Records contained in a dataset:

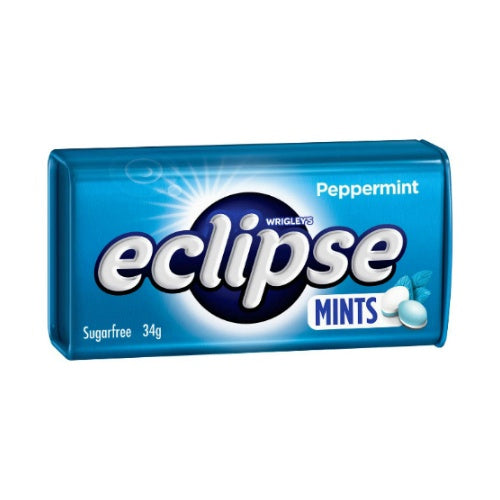 Wrigley's Eclipse Mints Peppermint 34g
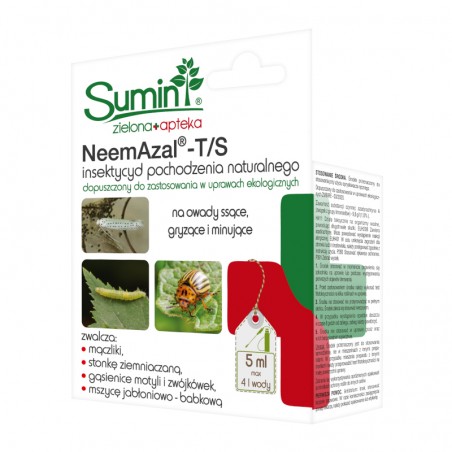 NeemAzal (ziemiórki) 5ml - Sumin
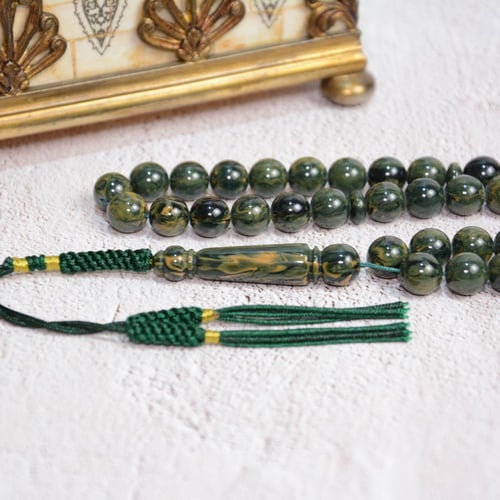 بكلايت أخضر رخامي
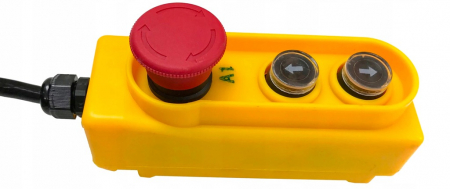 Electropalan troliu electric macara 1000kg 1600W (V06053) [3]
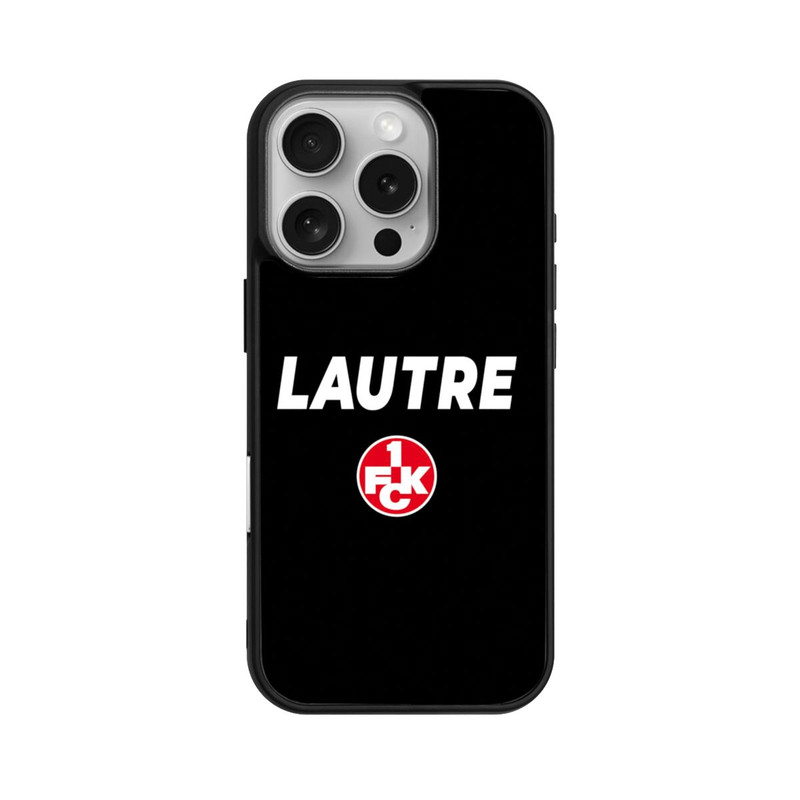 iPhone 16 Pro Base Case Lautre Schwarz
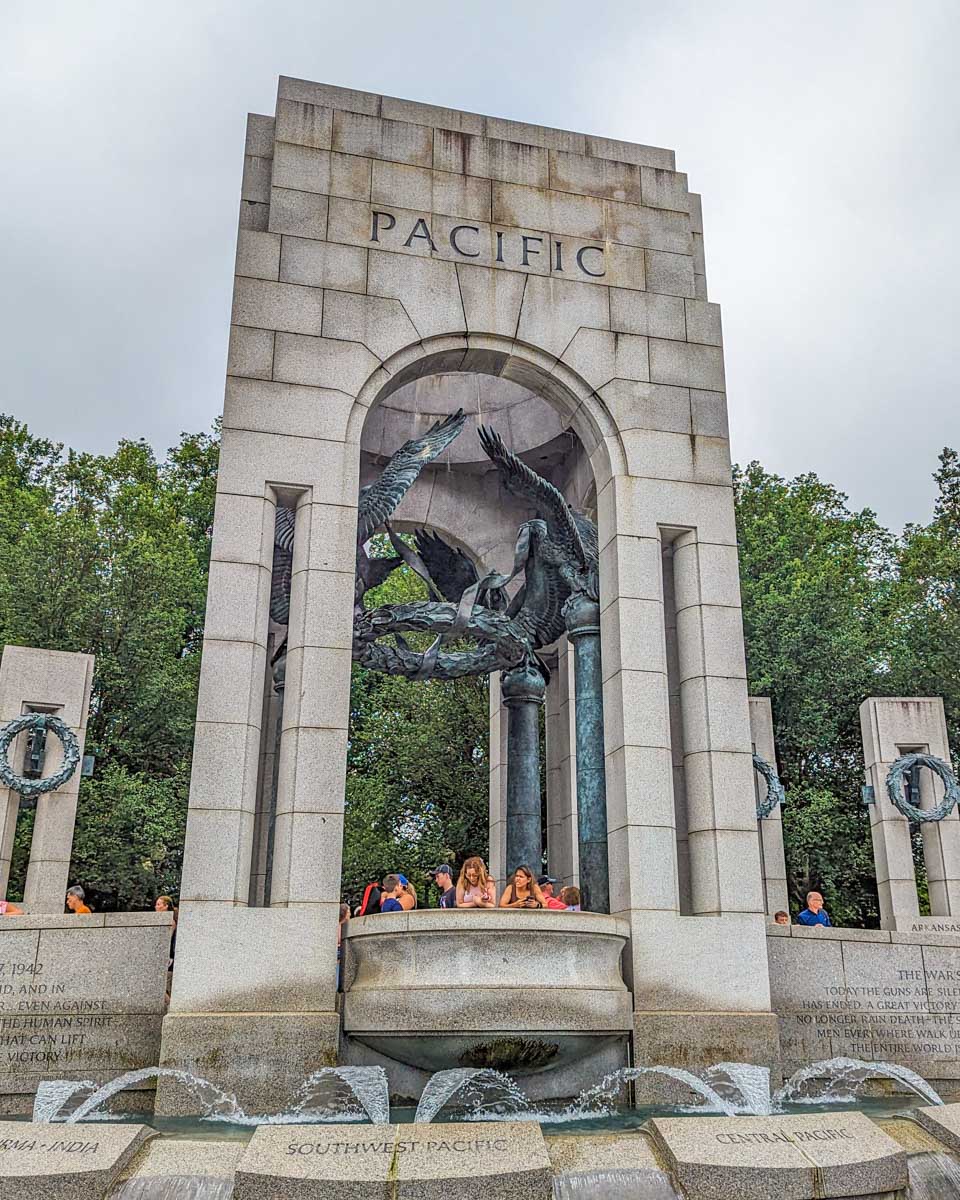 World War II Memorial in Washington DC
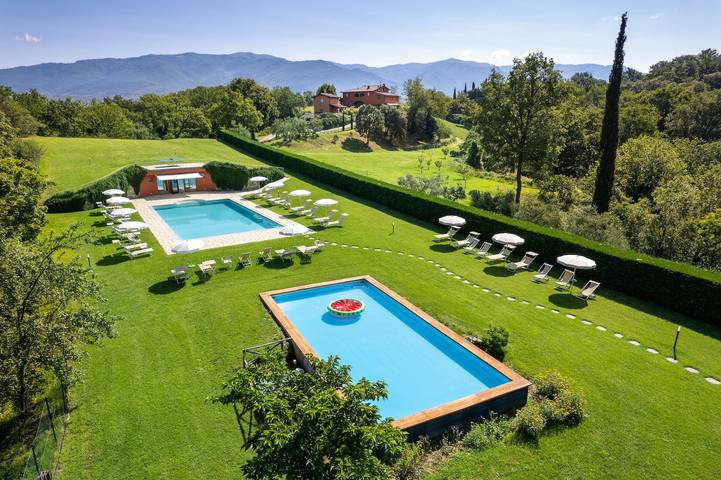 Appartamento per 4 persone, con terrazza e giardino, con animali domestici a Reggello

**Brief:** Quote the data above in full, leaving out the pictures it holds.

**Output of the task:**
 Wrigley's Eclipse Mints Peppermint 34g
 NeemAzal (ziemiórki) 5ml - Sumin
 بكلايت أخضر رخامي
 Electropalan troliu electric macara 1000kg 1600W (V06053) [3]
 iPhone 16 Pro Base Case Lautre Schwarz
 World War II Memorial in Washington DC
 Appartamento per 4 persone, con terrazza e giardino, con animali domestici a Reggello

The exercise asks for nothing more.